Torniamo a Serramonacesca (PE), sito che ospita la bellissima Abbazia di san Liberatore e le affascinanti tombe rupestri, alla scoperta di un’altra perla nascosta nel Parco Nazionale della Maiella, l’Eremo di Sant’Onofrio.
Sant’Onofrio – La storia del Santo a cui l’eremo è dedicato affonda le sue radici nella leggenda. Onofrio sarebbe stato il figlio di un re, forse persiano: deciso a servire Dio, avrebbe spontaneamente scelto di abbandonare il regno a cui era destinato per ritirarsi in Egitto, vivendo così da anacoreta per più di sessant’anni. La sua raffigurazione rispecchia questa sua scelta di vita: il corpo completamente nudo è ricoperto solo da una lunga barba che termina ben oltre le ginocchia.
Il dono del silenzio – L’Eremo di Sant’Onofrio si presenta oggi come una chiesetta rupestre, la cui struttura è in parte ricavata dallo sfruttamento della cavità naturale creata da una massa rocciosa sporgente, come è possibile osservare in altri luoghi di culto di questo genere. Si raggiunge con facilità attraverso un percorso che si snoda nella natura del Parco Nazionale e conduce a circa 725 metri di altitudine. Ad accogliere il fedele o il semplice escursionista, dietro la porta di legno chiusa simbolicamente da una chiave che è sempre nella toppa, è un luogo benedetto dal silenzio.
Sulla sinistra si trova l’altare, che dà le spalle alla parete rocciosa; ai lati della statua del Santo, dietro le tende, si cela la parte più affascinante dell’eremo: i suoi spazi originari, completamente immersi nell’oscurità di una grotta. In questa area si trova la cosiddetta “Culla di Sant’Onofrio”, una roccia rettangolare in rilievo rispetto al pavimento, dove i fedeli si stendono chiedendo al santo la guarigione dai dolori di pancia e di ossa. Si dice che qui abbiano riposato i primi eremiti benedettini, provenienti dall’Abbazia di San Liberatore, che trascorrevano del tempo nella solitudine della preghiera.

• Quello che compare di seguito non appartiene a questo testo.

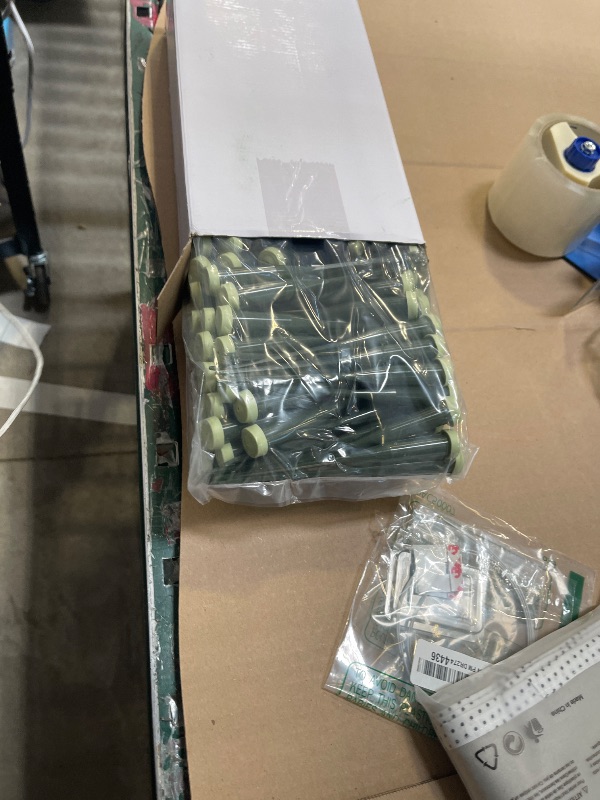 Photo 1 of 150 Pcs Floral Water Tubes Plastic Green Floral Tubes with Rubber Caps Fresh Flower Water Arrangements Supplies for Bouquet Stem Supplies, 6 Inches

Il “Fuoco di Sant’Onofrio” e la devozione dei serrani – Il Santo anacoreta Onofrio è celebrato ogni anno il 12 giugno. La sera precedente, i suoi devoti accendono una croce luminosa, che sostituisce l’antico rituale di accensione del fuoco, noto con il nome di “Fuoco di Sant’Onofrio. La devozione dei serrani verso il Santo rappresenta il motivo stesso per cui oggi esiste questo piccolo e pacifico luogo. Nel corso dei secoli sono stati infatti i fedeli ad occuparsi di preservare l’eremo e perfino di prestare la propria manodopera volontaria per i lavori di ristrutturazione e di ampliamento, evidenti nell’aspetto delle stanze della parte moderna e della facciata, realizzate nel 1948.